It is fair to say that many people in the UK take for granted the fact that we have almost constant access to clean water.
Furthermore, the relative cost in relation to its usefulness is so small, especially in comparison to other utilities such as gas and electricity.
However, just because it is free and cheap it does not mean that water should be wasted. That is why each year Water Saving Week is run in the UK.
Organised by Waterwise, the leading authority on water efficiency, and WaterSafe, which operates a national register of approved plumbers, this year’s Water Saving Week takes place from March 20 to 24, and will raise awareness about how easy it is for everyone to use water wisely.
To help your household reduce unnecessary water wastage and conserve this natural resource, the two organisations have come together to provide some useful hints and tips for Water Saving Week and beyond.
Be seasonal with your eating
By eating foods that are in season, you can help reduce the amount of water used by the agricultural industry - seasonal food is produced in harmony with the weather and therefore doesn’t require irrigation, which uses even more water.

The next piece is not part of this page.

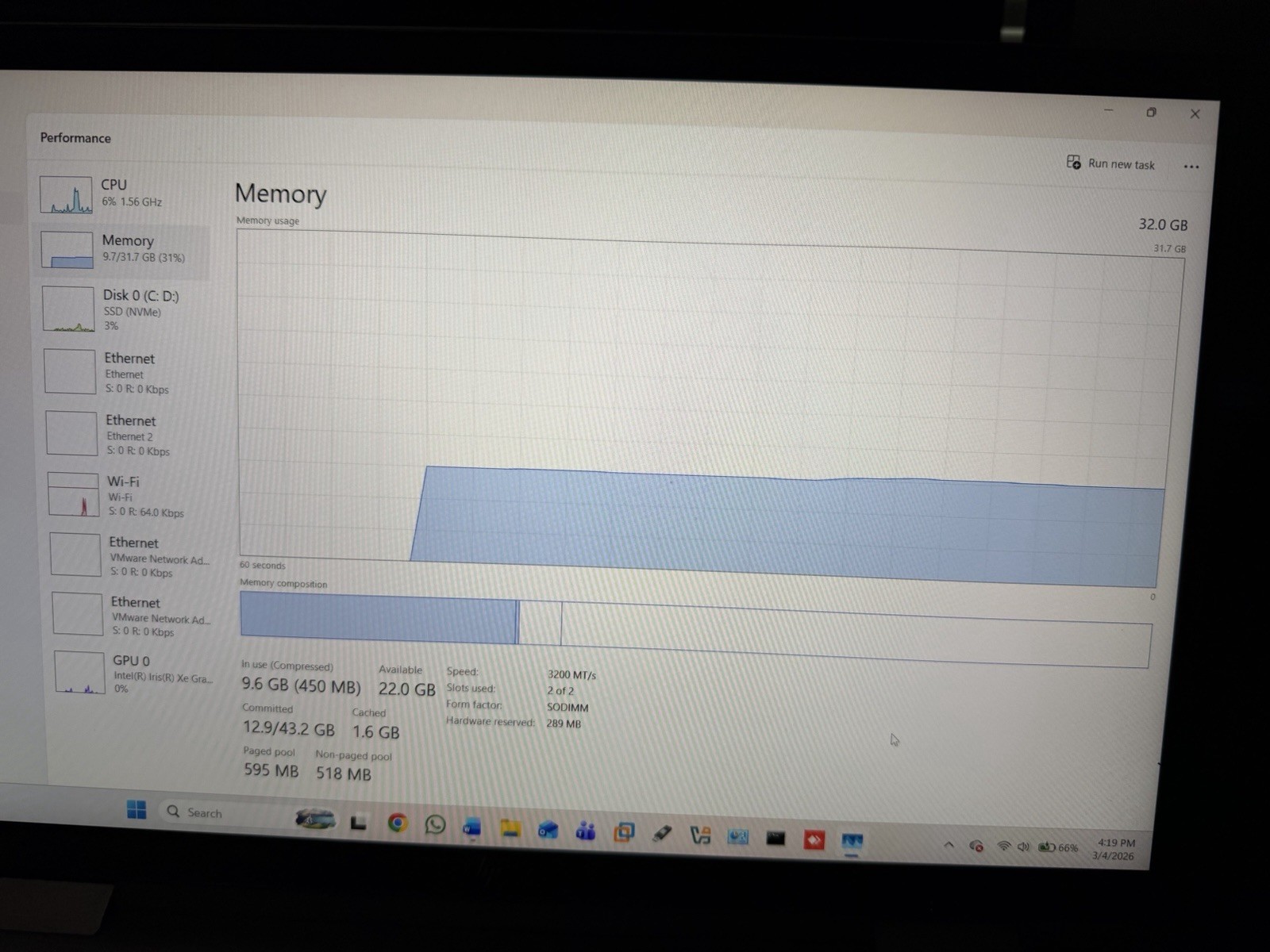 HP Envy 15.6″ i7 13th Gen 32GB RAM 512GB SSD Win 11 Silver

Water-efficient devices and equipment
A water meter is estimated to reduce water usage in the home by 12 per cent and water companies install these for free while providing water-saving kits. They can also offer water efficiency home audits and sometimes free retrofitting of water-saving devices too - visit your water company’s website or call them for more information.

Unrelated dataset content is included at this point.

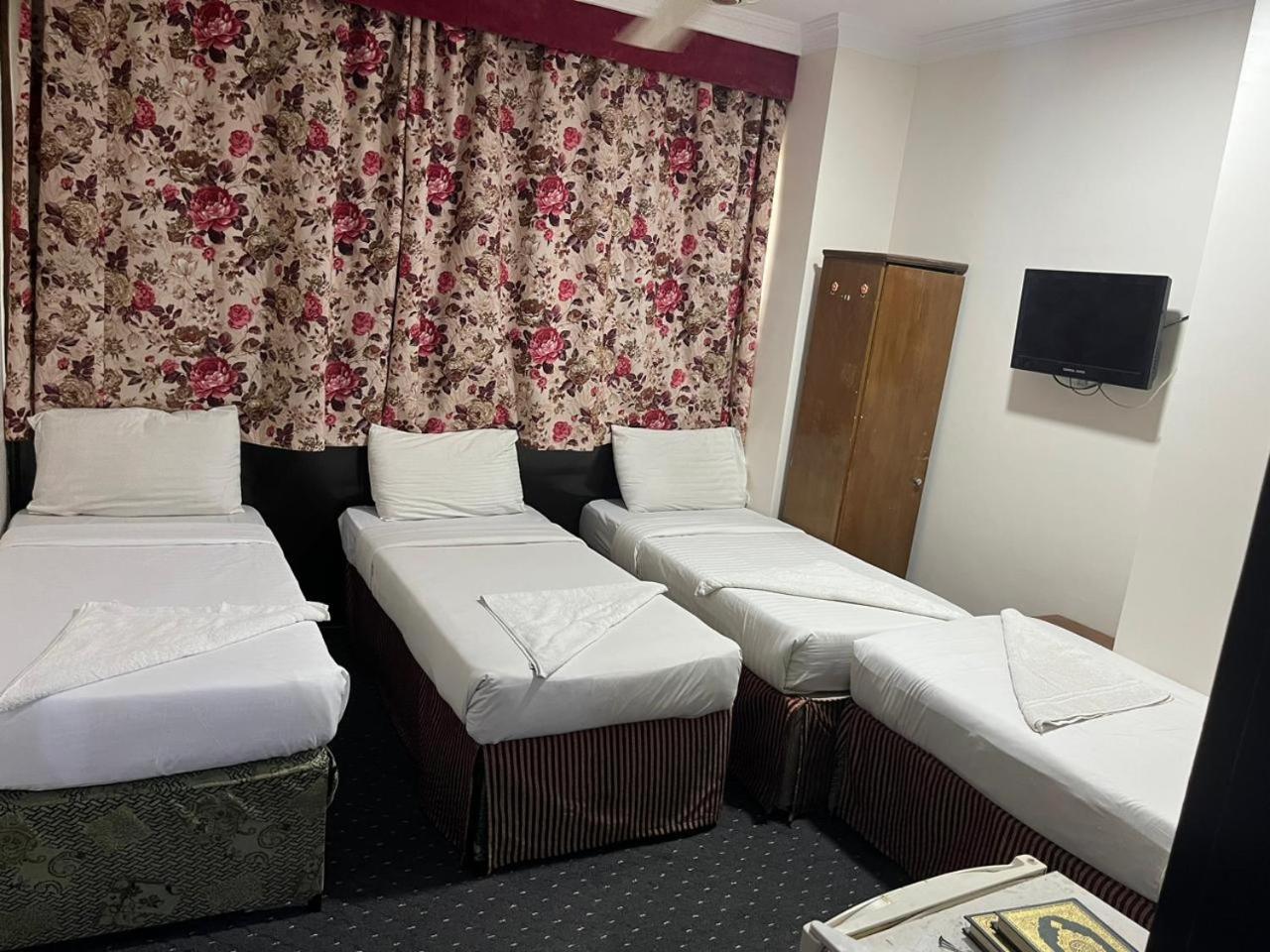 Hotel Burj Al Diyafa Mubarak Mecca Ngoại thất bức ảnh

Toothpaste works better when it’s dry - you only need to rinse at the end. Try with a glass of water rather than a running tap.

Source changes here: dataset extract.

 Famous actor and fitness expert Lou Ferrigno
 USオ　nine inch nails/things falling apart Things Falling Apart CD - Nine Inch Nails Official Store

Get a good old fashioned razor mug and clean your razor with just 250ml each time.
Food waste = water waste
Globally we use 200,000,000 litres of water a second to produce food. Cut your food waste to help conserve the earth’s water.
Use a shower timer
For every minute you shorten your shower by, you could save up to seven to eight litres of water, depending on the power (flow-rate) of your shower. A good way to start is with a shower timer which can show you how long you spend in the shower and hopefully give you an incentive to cut your shower time. You can also save water by turning your shower off whilst you’re soaping or shampooing.
Reheat cold drinks
If you let your tea or coffee go cold, reheat it in the microwave - this produces five times less carbon and saves about a quarter of a litre each time than if you remake it.
Raining cats and dogs?
When it’s dry, wash your pets on the lawn. When it’s wet, use a pet shower attachment with a trigger nozzle.
Keep your showers under four minutes if possible. Installing a water efficient shower head, water efficient taps and a dual flush can also contribute to saving water.
Don’t use a running tap to wash dishes or vegetables; use a washing up bowl instead, or catch the water in a bucket to use on your garden. Boiling more water than you use wastes water and energy.
Approximately half of the UK population own a dishwasher. Wait until your dishwasher or washing machine is full before using it. When you buy new appliances, make sure they are rated AA for efficiency. It will save you money in the long run.